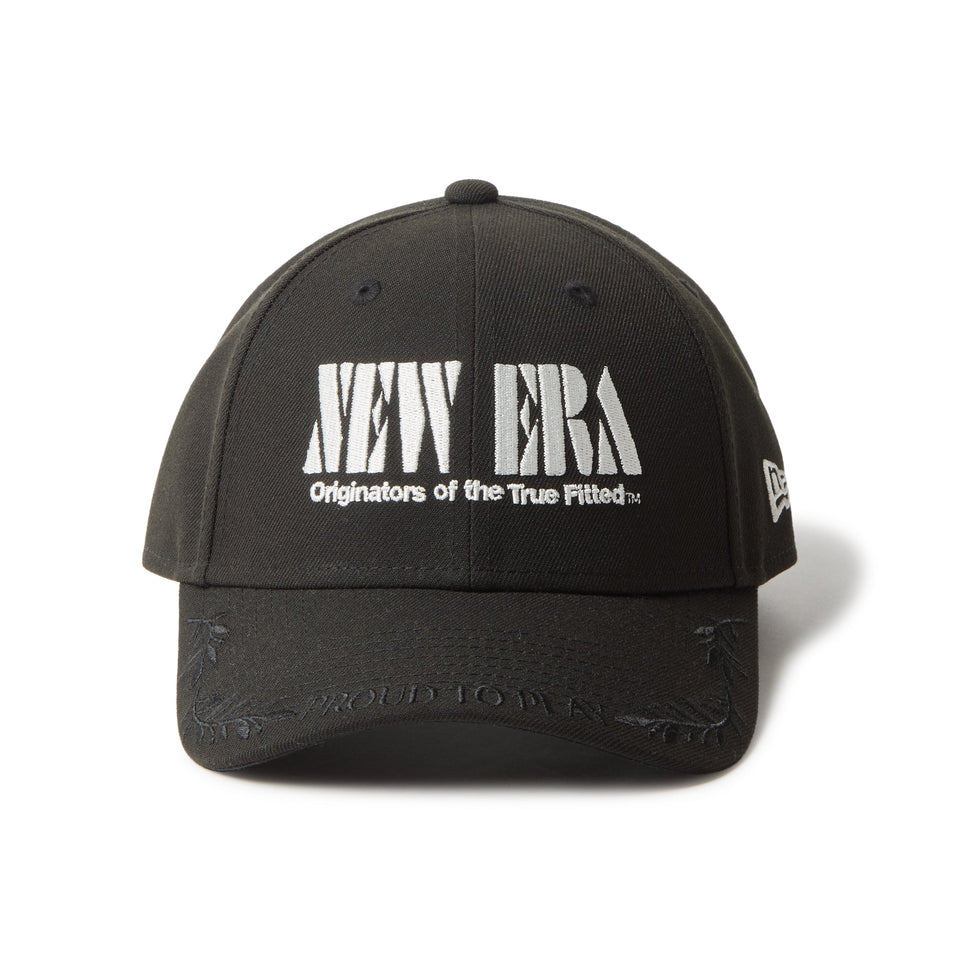 9FORTY Stencil ブラック | ゴルフ - 14669076 - OSFM | NEW ERA ニューエラ公式オンラインストア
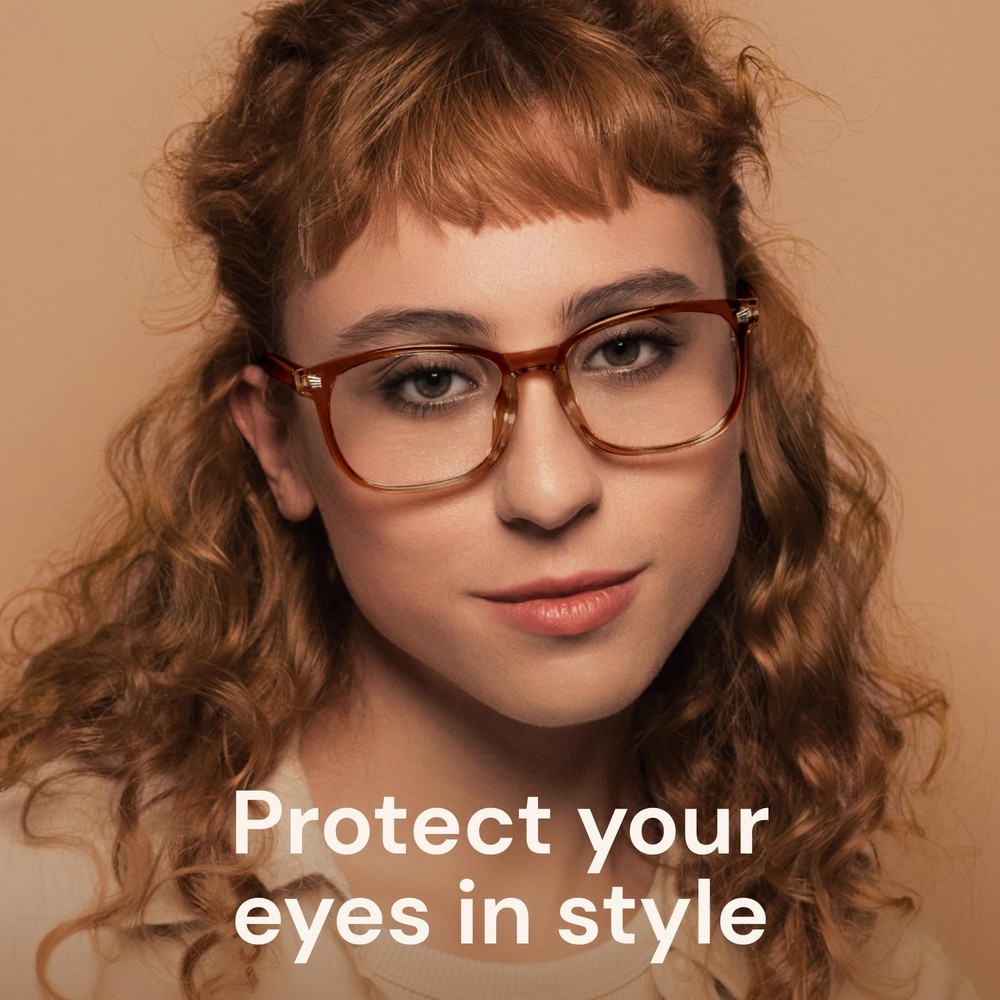 Gaoye Women's Stylish Blue Light Blocking Computer Glasses - 3 Pack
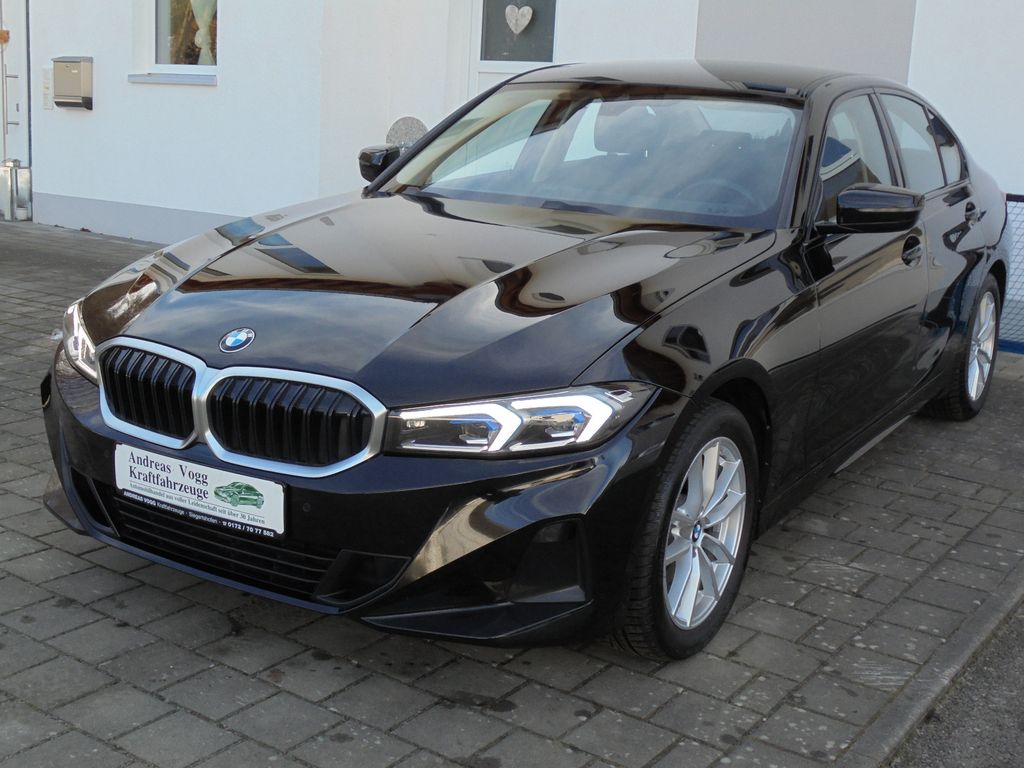 BMW 318 2022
○ ○ ○ ○ ○ ○ ○
[YOUR OBJECTIVE]: Output the complete listing exactly as it appears, except for the images.

[TASK RESULT]:
 9FORTY Stencil ブラック | ゴルフ - 14669076 - OSFM | NEW ERA ニューエラ公式オンラインストア
 Gaoye Women's Stylish Blue Light Blocking Computer Glasses - 3 Pack
 BMW 318 2022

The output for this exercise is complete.